What growing up in my family business taught me that no MBA ever could.

Rachel Kenyon
4 min readJun 9, 2017

The most valuable business lessons I’ve ever learned didn’t come from college or an online course. They came from working in the family business. My parents started the business when I was 6 years old. As soon as my little hands and attention span were capable I was tasked with helping with mailings—something now heard much in today’s marketing world. Back then, we collated, stuffed, labeled and stamped our mailers, then we sorted them by zip code and carted them to the post office. I remember working on mailings at the kitchen table, and when we got a new kitchen table, my dad told me that I had helped pay for it. I was positively aglow. My older siblings could do many other tasks that I could not, but I had helped pay for the new table!

1. Every single person involved in your business is important, valuable and capable.

No matter how many people work with and for you, each one is an individual asset. All relationships should be reciprocal. Everyone should be treated with respect.

We had the greatest warehouse guy ever. He was “the warehouse guy” until the business grew and he became the “Warehouse Manager.” He took so much pride in packing each box you would have thought he had personally hand-made each item packed. When I did my time in the warehouse, he showed me how to do this crunch/fold/tuck thing with the packing paper so nothing would get bent. My dad told him that he was the final say, the final touch to what our customers would get and that he was one of the most important people in the chain that linked manufacture to end user. Our warehouse guy took such good care that people at trade shows asked us about him. My dad had let him know how important his role was, he acted accordingly and the customers loved him! He worked with my parents company until they retired.

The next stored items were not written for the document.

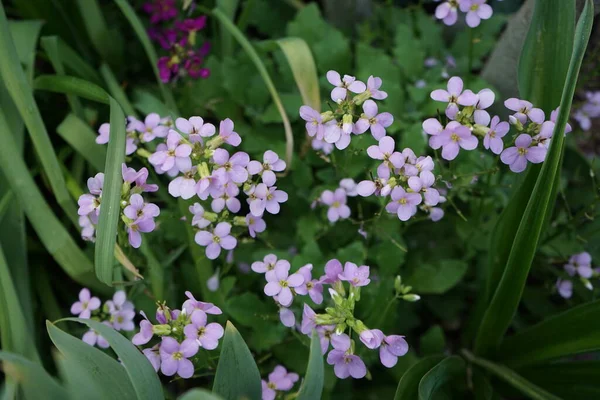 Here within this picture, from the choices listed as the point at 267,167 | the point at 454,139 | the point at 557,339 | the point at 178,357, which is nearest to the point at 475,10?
the point at 454,139

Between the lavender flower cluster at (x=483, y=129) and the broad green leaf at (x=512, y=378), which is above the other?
the lavender flower cluster at (x=483, y=129)

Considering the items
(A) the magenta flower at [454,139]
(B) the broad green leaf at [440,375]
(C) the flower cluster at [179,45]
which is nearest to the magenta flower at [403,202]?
(A) the magenta flower at [454,139]

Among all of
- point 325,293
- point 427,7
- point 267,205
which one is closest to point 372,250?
point 325,293

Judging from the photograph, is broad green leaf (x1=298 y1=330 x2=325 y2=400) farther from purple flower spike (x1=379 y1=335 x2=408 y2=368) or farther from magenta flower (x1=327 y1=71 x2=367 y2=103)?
magenta flower (x1=327 y1=71 x2=367 y2=103)

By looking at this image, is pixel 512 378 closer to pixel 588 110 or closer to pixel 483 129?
pixel 483 129

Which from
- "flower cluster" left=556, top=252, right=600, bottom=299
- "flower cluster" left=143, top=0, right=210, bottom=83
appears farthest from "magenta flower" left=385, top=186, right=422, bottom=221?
"flower cluster" left=143, top=0, right=210, bottom=83

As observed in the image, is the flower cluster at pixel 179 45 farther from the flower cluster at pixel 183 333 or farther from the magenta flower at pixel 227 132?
the flower cluster at pixel 183 333

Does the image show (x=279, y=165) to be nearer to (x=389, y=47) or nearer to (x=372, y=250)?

So, check yourself on this: Do you treat everyone you work with in a way that lets them know they are important? Do you thank them and encourage them? Do you teach them and learn from them? Do you listen to them and talk with them? If you do, you’ll build a work family that cares as much as you do, sticks with you and grows with you, until you all retire and celebrate in Hawaii.

2. Know why you are doing it, and know if it’s worth it.

As a rule, work is not a cake-walk. Just think of how much time and energy you give to your career. If the work is not satisfying in some way, you are bound to become unhappy and might miss out on the best parts of life.

Consider each client or project. Are you doing it for a good reason? If the money is great, it can be worth it even if you don’t really enjoy the time spent. It’s okay to “do it for the money” as long as you recognize that, and can stop if the downsides begin to outweigh the paychecks and security.

If the money isn’t great, but the contacts or recognition will lead to things you want, consider it an investment in your career. That’s worth a lot!

And if the money stinks and there is really nothing to gain, but you just love the people and the energy around the project, well, that may be the most valuable job to do!

So, check yourself on this: Do all your clients and/or projects fulfill something for you? You give a lot of yourself to your work, so if there are things you are doing that are not worth it, replace them with things that are!

My dad is a true salesman. Not in an obnoxious, just-get-him-to-leave way. During his career, my dad was a master at listening, talking, and getting to the root of what each customer needed. And if he didn’t sell what they needed, he’d find them someone who did and make the connection before moving on. If nobody made what the customer needed, he’d invent it, manufacture it, and call them back to offer it.

3. There is no such thing as a small (or big) customer.

They are all customers, but more importantly, they are all people.

I used to hang out after 5pm, listening to my dad on the phone. I learned so much just listening to him talk and watching him listen. He gave just as much time, interest, energy and care to a school teacher with a $200 budget as he did a corporate event producer with a $1,000,000 budget. For that teacher, his high school play was just as important as Disney’s next movie launch. Maybe more so.

Treat every person you speak with, sell to, and provide service for with equally great care and attention.

My dad told me that every teacher had dozens of students and every one of those students was a potential friend, customer, future game changer of the world. Everyone has equal value.

So, check yourself on this: How do you measure the value of each customer and potential customer? Your answer should be, “I don’t.”

There is no measure of value because everyone is equally valuable and has equally unlimited potential as a customer—and as a friend. It’s important not to be greedy with your time and attention. Give it freely.